#### Required action
Exactly retype the opening line of the entries and every line after it, ending with the line that contains "(Y)False Eyelashes Dramatic". Skip all pictures.

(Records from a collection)
============================================================

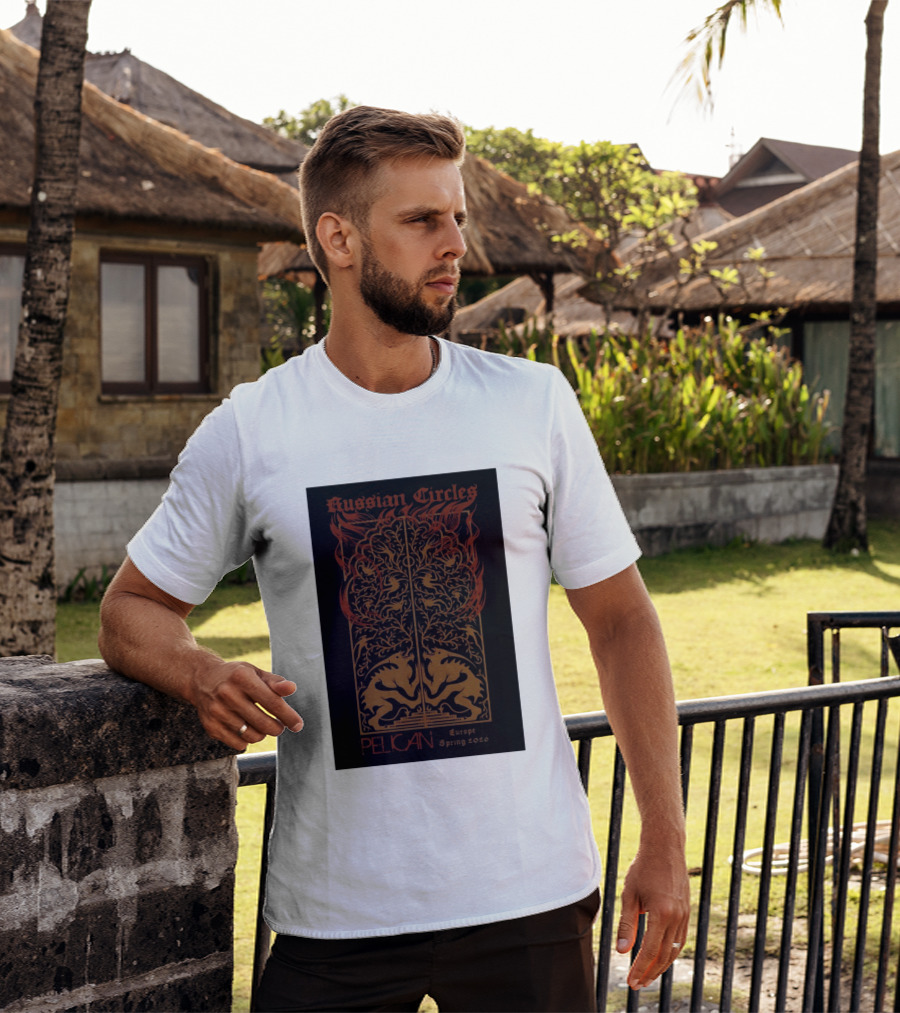 Russian Circles Pelican Europe Spring 2026 Tour Fantasy Artistry T-Shirt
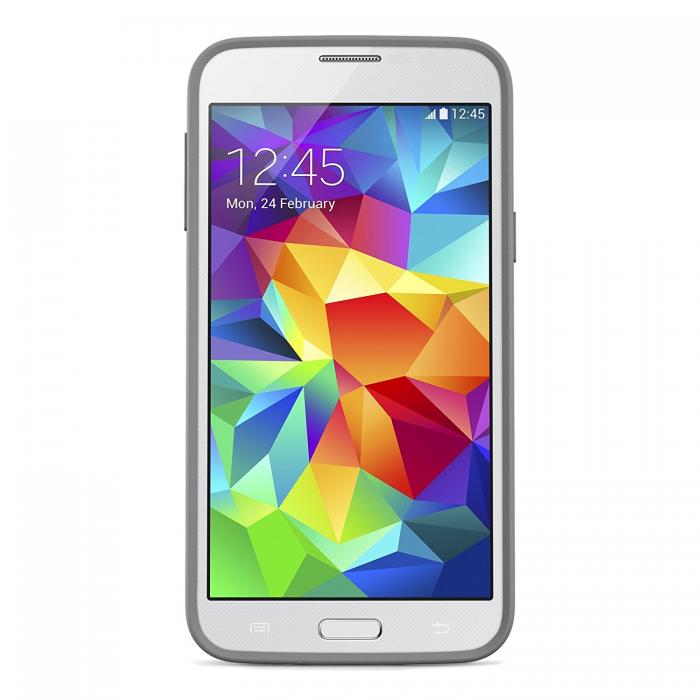 UTGATT5 - Belkin Samsung Galaxy S5 Grip View 2.0 Slate/Gravel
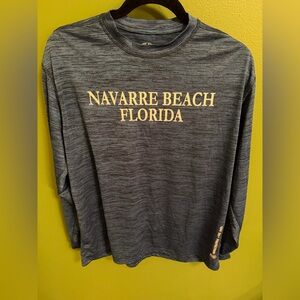 Navarre Beach Florida Charcoal Rash Guard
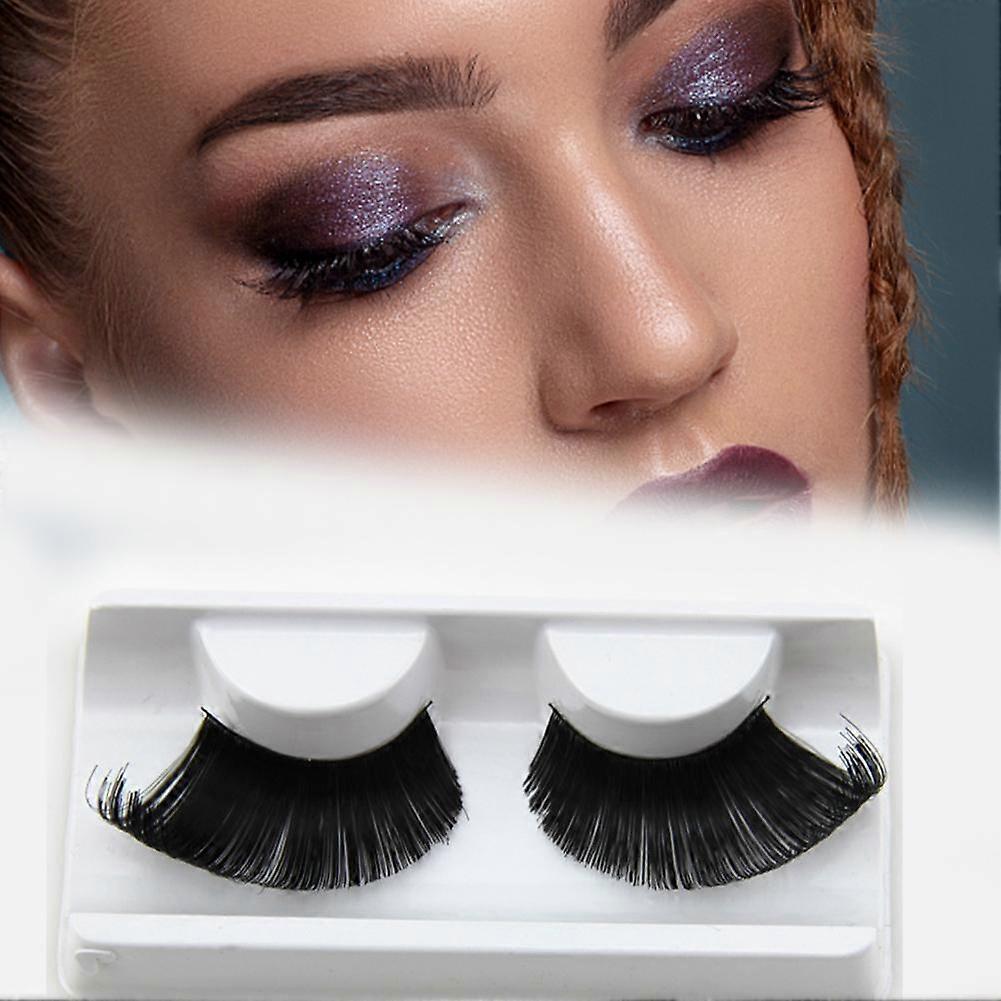 (Y)False Eyelashes Dramatic Exaggerated Stage Performance Drag Lash Fa ...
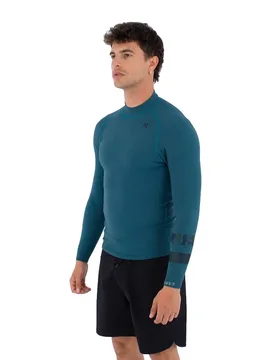 T-shirt Thermique à Manches Courtes Plus 1.5/1 Mm Black / Sky Blue S - Hurley - FashionsVida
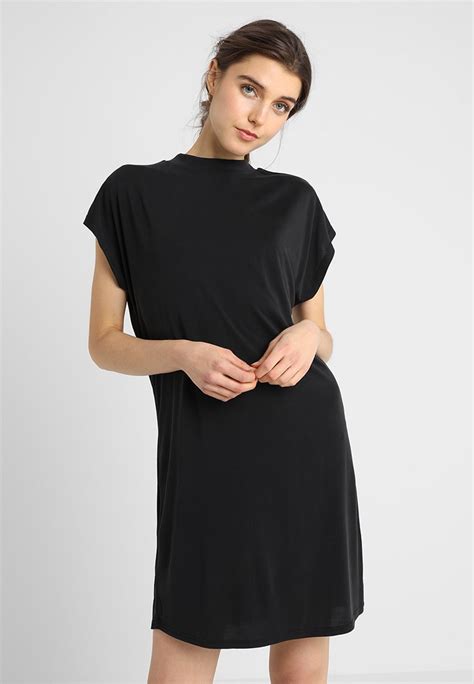 Urban Classics Ladies Dress Rochie Din Jerseu Black Negru Zalando Ro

============================================================

#### Result below
 Russian Circles Pelican Europe Spring 2026 Tour Fantasy Artistry T-Shirt
 UTGATT5 - Belkin Samsung Galaxy S5 Grip View 2.0 Slate/Gravel
 Navarre Beach Florida Charcoal Rash Guard
 (Y)False Eyelashes Dramatic Exaggerated Stage Performance Drag Lash Fa ...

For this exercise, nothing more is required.